Public policy can be defined as whatever governments do (or avoid doing) to address the needs and problems of society. It takes the form of public statements, government programmes, laws, and actions, as well as inertia and avoidance. If it was limited to the formal powers of government and its published objectives then it might be relatively easy to understand and measure, but government and governance are also influenced by informal activities, opportunism, the ebb and flow of political and public interest in policy issues, and simply responding to needs and problems as they present themselves.

Understanding the policy process at the national level is not easy, because of unresolved debates about the personality of government institutions, and about the many pressures that come to bear on the process. At the European level, the challenges are compounded by the failure of political scientists to agree on the character and powers of the EU institutions, by the debates about how those institutions relate to the governments of the member states, and by the competing influences of intergovernmentalism and supranationalism. Matters are further complicated by changes in the rules, membership, powers, priorities, and policy agenda of the EU.
  • Public policy is whatever governments do (or avoid doing) to address society’s needs. It takes the form of platforms, programmes, public statements, and laws, but is often also driven by crises, emergencies and opportunities.
  • Formally, policymaking in the EU is driven by primary rules found in the treaties, secondary rules in the form of laws adopted by the EU and judgements handed down by the European Court of Justice, and tertiary ‘rules’ in the form of action programmes, strategies, declarations and other activities.
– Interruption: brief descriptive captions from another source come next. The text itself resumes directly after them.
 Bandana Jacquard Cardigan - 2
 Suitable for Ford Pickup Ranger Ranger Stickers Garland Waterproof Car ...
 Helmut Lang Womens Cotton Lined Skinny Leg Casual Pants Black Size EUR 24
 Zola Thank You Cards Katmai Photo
  • Informally, there are numerous influences on policy, and numerous models have been developed to help understand the system.
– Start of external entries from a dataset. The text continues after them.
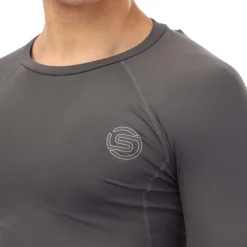 Skins Series-2 Long Sleeve Top in Charcoal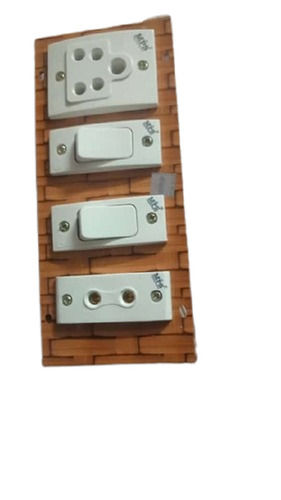 White High Current Carrying Capacity Energy Efficient Pvc Electrical Switch Board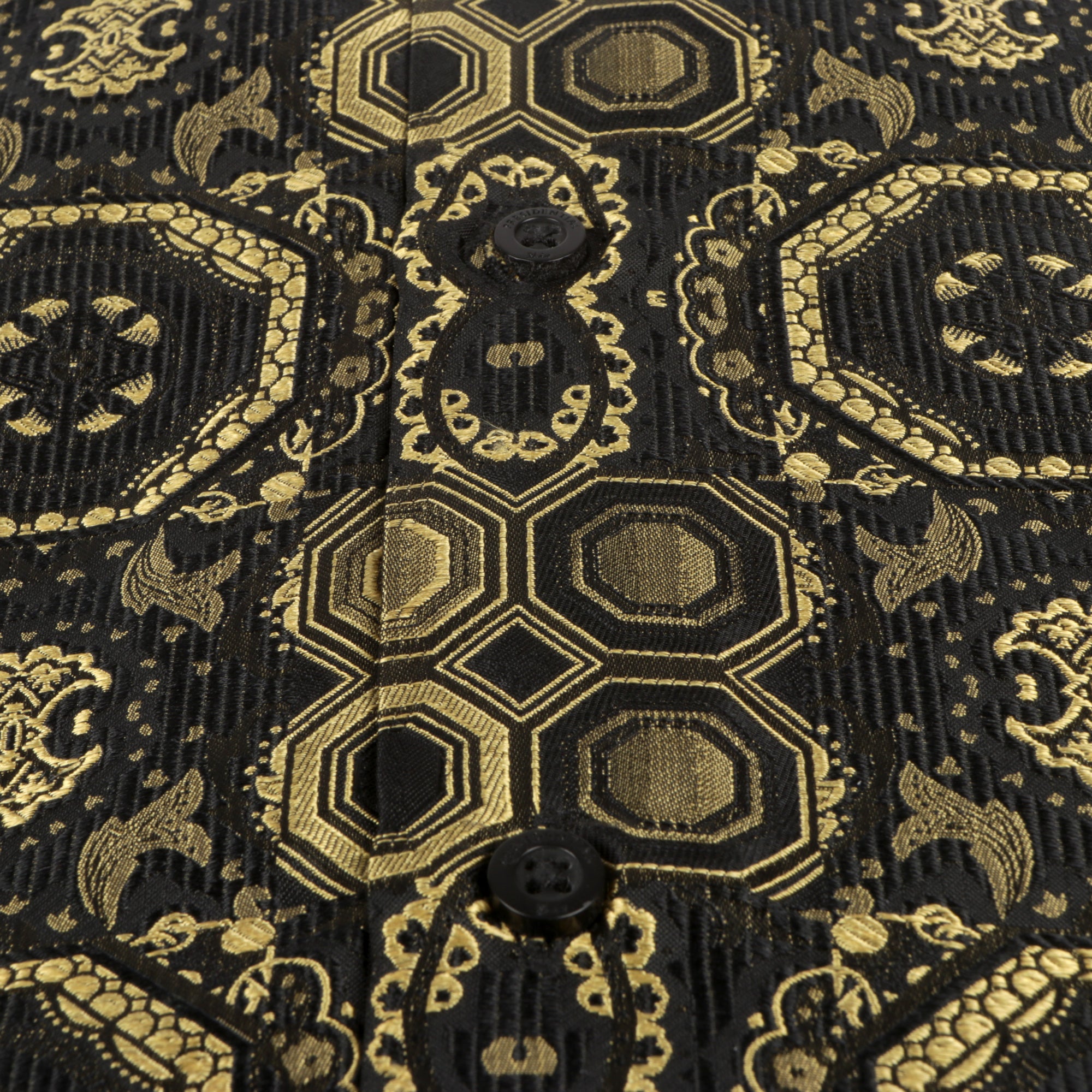 70% Silk Rich Heritage - Gold Long Sleeve Men's Shirt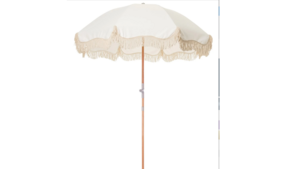 Antique White Fringe Umbrella rental Lafayette, LA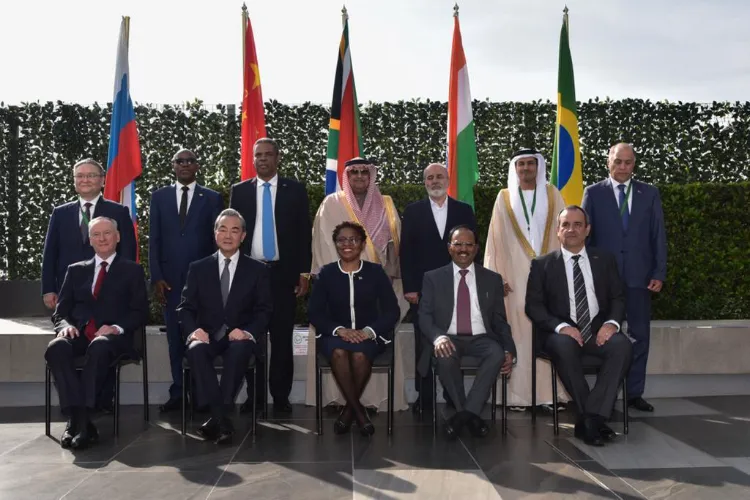 NSA Ajit Doval along with representatives of Friends of BRICS countries, in Johannesburg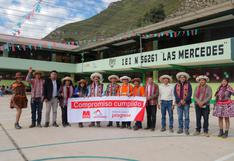 Cusco: Las Bambas invierte más de S/ 1,4 millones para mejorar institución educativa en Huascabamba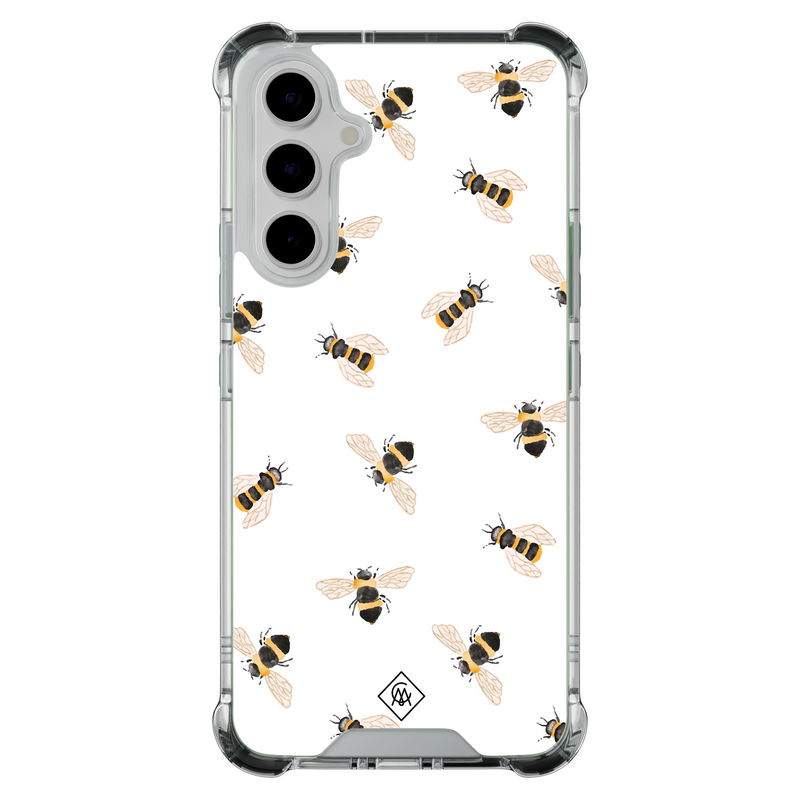Casimoda Samsung Galaxy A55 shockproof hoesje - Bee happy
    One approach is to see policy as a cycle, beginning with the setting of agendas and moving through formulation, adoption, implementation, and evaluation.
  • EU policy, like all democratic policymaking, is driven by bargaining and the search for compromise, by political games among interested parties, by elitism, and by incremental rather than radical change.
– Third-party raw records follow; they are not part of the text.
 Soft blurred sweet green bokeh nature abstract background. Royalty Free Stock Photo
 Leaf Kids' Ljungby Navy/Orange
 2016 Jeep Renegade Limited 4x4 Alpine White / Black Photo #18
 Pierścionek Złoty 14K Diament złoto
  • Policymaking in the EU also has several unique features, including multispeed integration, spillover, and the democratic deficit. But opinion on the significance of the latter is divided.
  • The EU budget is small and yet it has been the subject of repeated political squabbles over the years. These have abated since a 1988 agreement to replace annual budgets with five-year budget packages.
  • Most revenues come from national contributions from the member states, and most spending goes to agriculture and regional development.